Spark SQL - UDAF (User Defined Aggregate Functions)
User Defined Aggregate Functions process multiple input rows and return a single aggregated result. Unlike UDFs that operate row-by-row, UDAFs maintain internal state across rows within each...
Key Insights
- User Defined Aggregate Functions (UDAFs) in Spark SQL enable custom aggregation logic beyond built-in functions like SUM and AVG, operating on groups of rows to produce single output values
- Spark 3.0+ supports two UDAF implementations: the legacy UserDefinedAggregateFunction (deprecated) and the type-safe Aggregator API with Dataset encoders for better performance and compile-time safety
- UDAFs are essential for domain-specific calculations like geometric mean, percentile approximations, or complex statistical operations where standard SQL aggregates fall short
Understanding UDAF Architecture
User Defined Aggregate Functions process multiple input rows and return a single aggregated result. Unlike UDFs that operate row-by-row, UDAFs maintain internal state across rows within each partition, then combine results across partitions.

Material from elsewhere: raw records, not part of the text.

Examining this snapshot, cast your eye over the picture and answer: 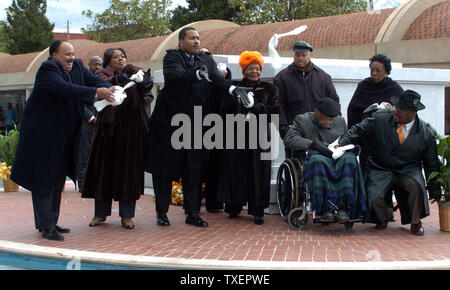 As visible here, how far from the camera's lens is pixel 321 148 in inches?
232

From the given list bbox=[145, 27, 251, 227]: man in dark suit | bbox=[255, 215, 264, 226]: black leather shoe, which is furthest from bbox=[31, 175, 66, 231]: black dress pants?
bbox=[255, 215, 264, 226]: black leather shoe

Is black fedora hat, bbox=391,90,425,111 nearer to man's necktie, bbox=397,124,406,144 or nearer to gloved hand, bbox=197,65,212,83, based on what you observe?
man's necktie, bbox=397,124,406,144

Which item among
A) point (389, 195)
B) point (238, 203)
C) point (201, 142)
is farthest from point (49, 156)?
point (389, 195)

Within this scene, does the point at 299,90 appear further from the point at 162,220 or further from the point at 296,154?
the point at 162,220

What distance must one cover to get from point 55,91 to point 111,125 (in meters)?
0.78

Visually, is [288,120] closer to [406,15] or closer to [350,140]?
[350,140]

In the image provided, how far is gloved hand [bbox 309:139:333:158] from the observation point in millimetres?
5867

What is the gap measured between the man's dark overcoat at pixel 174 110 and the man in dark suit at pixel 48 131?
2.64 ft

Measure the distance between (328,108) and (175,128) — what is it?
5.31 feet

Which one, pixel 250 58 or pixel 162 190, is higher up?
pixel 250 58

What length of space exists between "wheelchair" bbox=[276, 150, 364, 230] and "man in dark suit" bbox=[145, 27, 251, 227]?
0.93 m

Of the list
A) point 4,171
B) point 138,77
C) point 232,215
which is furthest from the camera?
point 4,171

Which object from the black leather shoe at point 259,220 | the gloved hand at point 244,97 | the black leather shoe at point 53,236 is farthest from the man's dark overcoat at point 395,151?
the black leather shoe at point 53,236

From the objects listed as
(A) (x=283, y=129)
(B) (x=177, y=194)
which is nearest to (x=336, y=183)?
(A) (x=283, y=129) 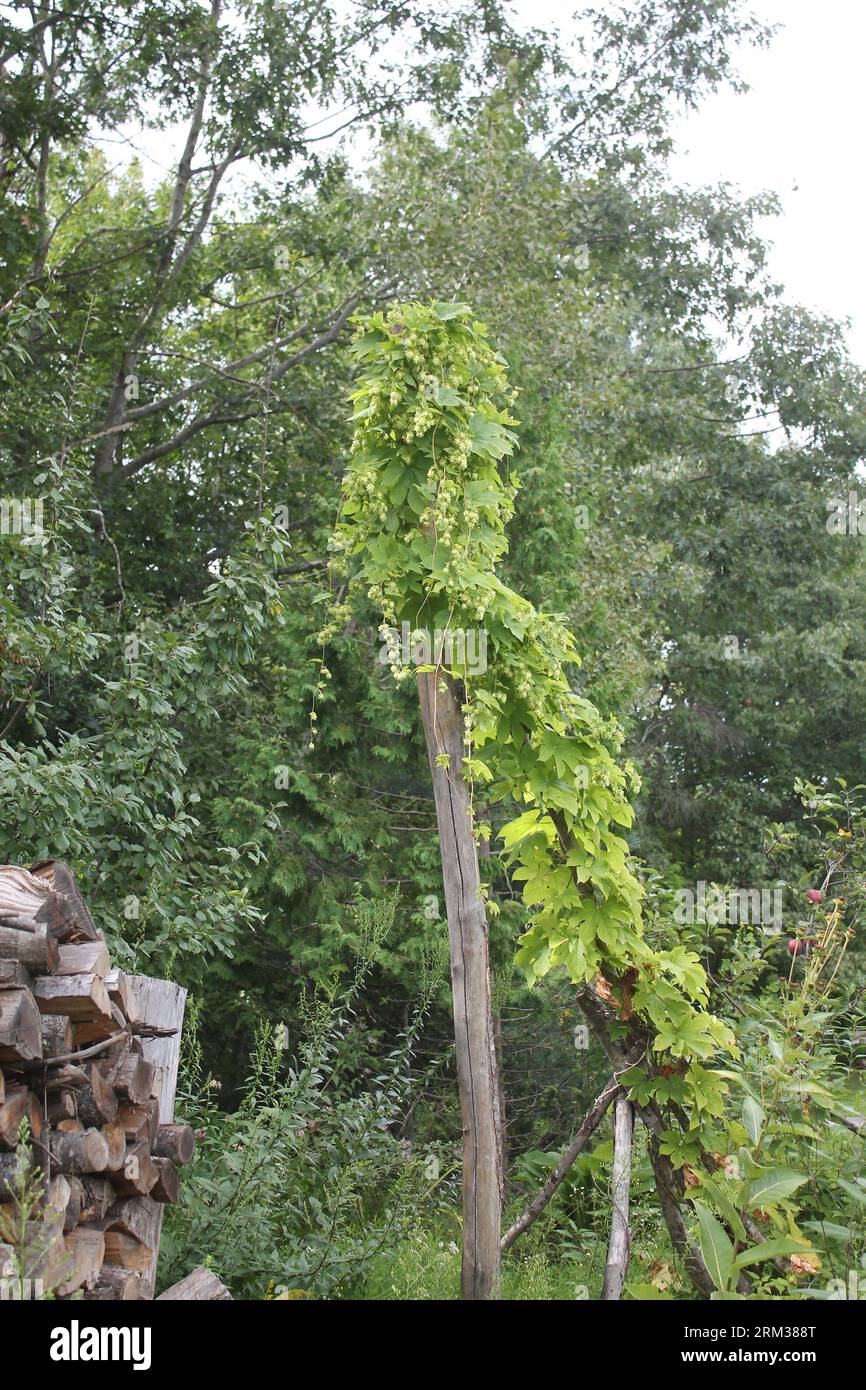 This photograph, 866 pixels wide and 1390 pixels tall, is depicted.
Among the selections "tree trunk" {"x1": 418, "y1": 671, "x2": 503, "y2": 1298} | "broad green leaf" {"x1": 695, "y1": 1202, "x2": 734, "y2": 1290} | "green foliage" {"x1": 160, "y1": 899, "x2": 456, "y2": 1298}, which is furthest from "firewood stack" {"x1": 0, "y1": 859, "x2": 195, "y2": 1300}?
"broad green leaf" {"x1": 695, "y1": 1202, "x2": 734, "y2": 1290}

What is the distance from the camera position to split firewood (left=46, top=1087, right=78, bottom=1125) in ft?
10.1

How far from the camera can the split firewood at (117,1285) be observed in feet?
10.5

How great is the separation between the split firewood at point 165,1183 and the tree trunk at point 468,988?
92 cm

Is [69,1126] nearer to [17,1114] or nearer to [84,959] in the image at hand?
[17,1114]

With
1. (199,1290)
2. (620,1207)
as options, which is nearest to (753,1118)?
(620,1207)

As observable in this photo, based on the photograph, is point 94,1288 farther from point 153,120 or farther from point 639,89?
point 639,89

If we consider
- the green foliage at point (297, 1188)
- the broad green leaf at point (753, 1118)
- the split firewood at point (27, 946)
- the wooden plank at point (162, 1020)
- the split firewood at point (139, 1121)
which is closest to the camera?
the split firewood at point (27, 946)

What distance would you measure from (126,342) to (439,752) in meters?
7.59

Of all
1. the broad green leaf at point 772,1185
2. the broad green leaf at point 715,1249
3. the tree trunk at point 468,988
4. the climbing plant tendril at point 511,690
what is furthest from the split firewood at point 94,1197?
→ the broad green leaf at point 772,1185

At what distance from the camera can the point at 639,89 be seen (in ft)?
41.1

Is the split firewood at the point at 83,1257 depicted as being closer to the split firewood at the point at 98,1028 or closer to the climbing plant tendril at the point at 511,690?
the split firewood at the point at 98,1028

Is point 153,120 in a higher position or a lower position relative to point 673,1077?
higher

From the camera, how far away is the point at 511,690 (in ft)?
12.9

The UDAF lifecycle consists of four key phases:
- Initialization: Create a zero value for the buffer
- Update: Process each input row and update the buffer
- Merge: Combine buffers from different partitions
- Evaluate: Convert the final buffer to the output value
This design enables distributed processing where each executor maintains local aggregation state before merging results at the driver.

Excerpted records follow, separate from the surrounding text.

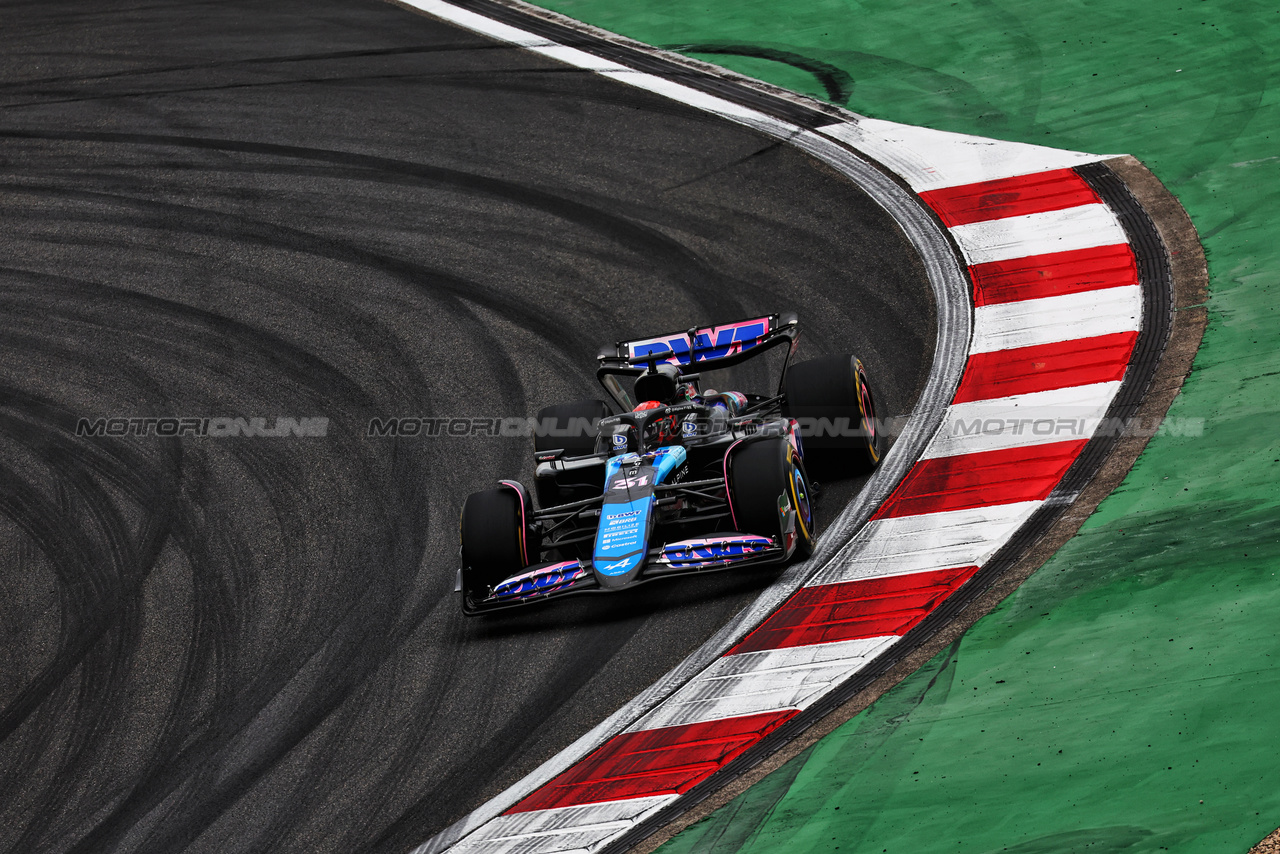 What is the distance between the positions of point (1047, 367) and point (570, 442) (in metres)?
3.50

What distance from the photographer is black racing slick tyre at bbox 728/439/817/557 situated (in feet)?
26.2

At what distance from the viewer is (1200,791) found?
601cm

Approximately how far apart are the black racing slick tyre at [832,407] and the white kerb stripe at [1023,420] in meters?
0.55

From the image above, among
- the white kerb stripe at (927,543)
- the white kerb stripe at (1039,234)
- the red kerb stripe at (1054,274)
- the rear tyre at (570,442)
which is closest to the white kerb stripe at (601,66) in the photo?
the white kerb stripe at (1039,234)

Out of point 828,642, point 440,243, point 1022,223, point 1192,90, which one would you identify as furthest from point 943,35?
point 828,642

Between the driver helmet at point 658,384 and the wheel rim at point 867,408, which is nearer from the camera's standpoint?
the wheel rim at point 867,408

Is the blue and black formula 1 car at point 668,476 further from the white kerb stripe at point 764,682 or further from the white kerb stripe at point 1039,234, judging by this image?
the white kerb stripe at point 1039,234

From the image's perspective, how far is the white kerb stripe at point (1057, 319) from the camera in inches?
396

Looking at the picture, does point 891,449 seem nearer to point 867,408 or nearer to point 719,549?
point 867,408

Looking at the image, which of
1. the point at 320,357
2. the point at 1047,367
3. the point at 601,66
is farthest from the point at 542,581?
the point at 601,66

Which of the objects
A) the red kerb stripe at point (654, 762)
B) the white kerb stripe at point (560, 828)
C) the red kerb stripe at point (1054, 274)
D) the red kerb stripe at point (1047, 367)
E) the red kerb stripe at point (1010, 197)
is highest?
the red kerb stripe at point (1010, 197)

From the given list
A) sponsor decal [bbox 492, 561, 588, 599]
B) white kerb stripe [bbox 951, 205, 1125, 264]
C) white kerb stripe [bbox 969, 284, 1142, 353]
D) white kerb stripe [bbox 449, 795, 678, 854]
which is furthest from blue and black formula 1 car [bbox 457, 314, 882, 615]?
white kerb stripe [bbox 951, 205, 1125, 264]

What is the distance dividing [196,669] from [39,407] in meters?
4.26

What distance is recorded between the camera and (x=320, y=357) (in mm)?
11781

Implementing UDAFs with the Aggregator API
The modern Aggregator API provides type-safe UDAF implementation. Here’s a geometric mean calculator that demonstrates the complete pattern:
import org.apache.spark.sql.{Encoder, Encoders, SparkSession}
import org.apache.spark.sql.expressions.Aggregator
case class GeometricMeanBuffer(var product: Double, var count: Long)
object GeometricMean extends Aggregator[Double, GeometricMeanBuffer, Double] {
// Zero value - starting point for aggregation
def zero: GeometricMeanBuffer = GeometricMeanBuffer(1.0, 0L)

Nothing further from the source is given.